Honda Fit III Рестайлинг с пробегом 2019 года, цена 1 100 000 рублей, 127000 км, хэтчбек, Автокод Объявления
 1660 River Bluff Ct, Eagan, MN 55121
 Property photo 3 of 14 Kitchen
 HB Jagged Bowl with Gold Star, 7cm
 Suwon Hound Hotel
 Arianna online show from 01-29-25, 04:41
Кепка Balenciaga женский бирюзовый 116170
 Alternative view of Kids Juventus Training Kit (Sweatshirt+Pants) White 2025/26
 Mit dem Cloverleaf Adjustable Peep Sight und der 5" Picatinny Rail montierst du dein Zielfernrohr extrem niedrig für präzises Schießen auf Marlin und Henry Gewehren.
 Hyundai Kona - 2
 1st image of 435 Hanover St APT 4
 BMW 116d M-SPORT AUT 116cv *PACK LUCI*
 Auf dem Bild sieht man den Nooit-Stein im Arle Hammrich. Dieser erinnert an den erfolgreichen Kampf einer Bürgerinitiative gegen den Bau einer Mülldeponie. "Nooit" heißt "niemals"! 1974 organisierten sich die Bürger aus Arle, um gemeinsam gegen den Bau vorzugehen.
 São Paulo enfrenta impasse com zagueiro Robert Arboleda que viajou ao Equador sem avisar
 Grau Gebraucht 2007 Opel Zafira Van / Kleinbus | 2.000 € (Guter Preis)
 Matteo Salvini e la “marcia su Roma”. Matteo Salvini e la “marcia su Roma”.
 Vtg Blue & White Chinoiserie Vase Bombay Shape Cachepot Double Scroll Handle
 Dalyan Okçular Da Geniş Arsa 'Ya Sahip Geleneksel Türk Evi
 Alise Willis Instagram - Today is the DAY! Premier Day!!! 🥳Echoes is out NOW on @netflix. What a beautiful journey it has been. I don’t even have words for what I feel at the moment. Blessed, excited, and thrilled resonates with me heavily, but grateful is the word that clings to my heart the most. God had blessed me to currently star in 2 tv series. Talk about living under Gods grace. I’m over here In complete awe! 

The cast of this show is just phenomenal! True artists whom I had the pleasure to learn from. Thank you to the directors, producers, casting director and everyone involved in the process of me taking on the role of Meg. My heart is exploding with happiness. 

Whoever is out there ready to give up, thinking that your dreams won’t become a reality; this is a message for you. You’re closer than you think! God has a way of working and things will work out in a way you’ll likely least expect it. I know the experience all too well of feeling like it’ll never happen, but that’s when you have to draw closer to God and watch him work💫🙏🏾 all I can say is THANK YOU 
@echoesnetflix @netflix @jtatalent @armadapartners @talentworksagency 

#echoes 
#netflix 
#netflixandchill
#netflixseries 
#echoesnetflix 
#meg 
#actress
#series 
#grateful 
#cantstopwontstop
________
(TASK TO CARRY OUT): Reading through the records above, report each line in which the string "from" is found.

(FINAL ANSWER):
 Arianna online show from 01-29-25, 04:41
The cast of this show is just phenomenal! True artists whom I had the pleasure to learn from. Thank you to the directors, producers, casting director and everyone involved in the process of me taking on the role of Meg. My heart is exploding with happiness. 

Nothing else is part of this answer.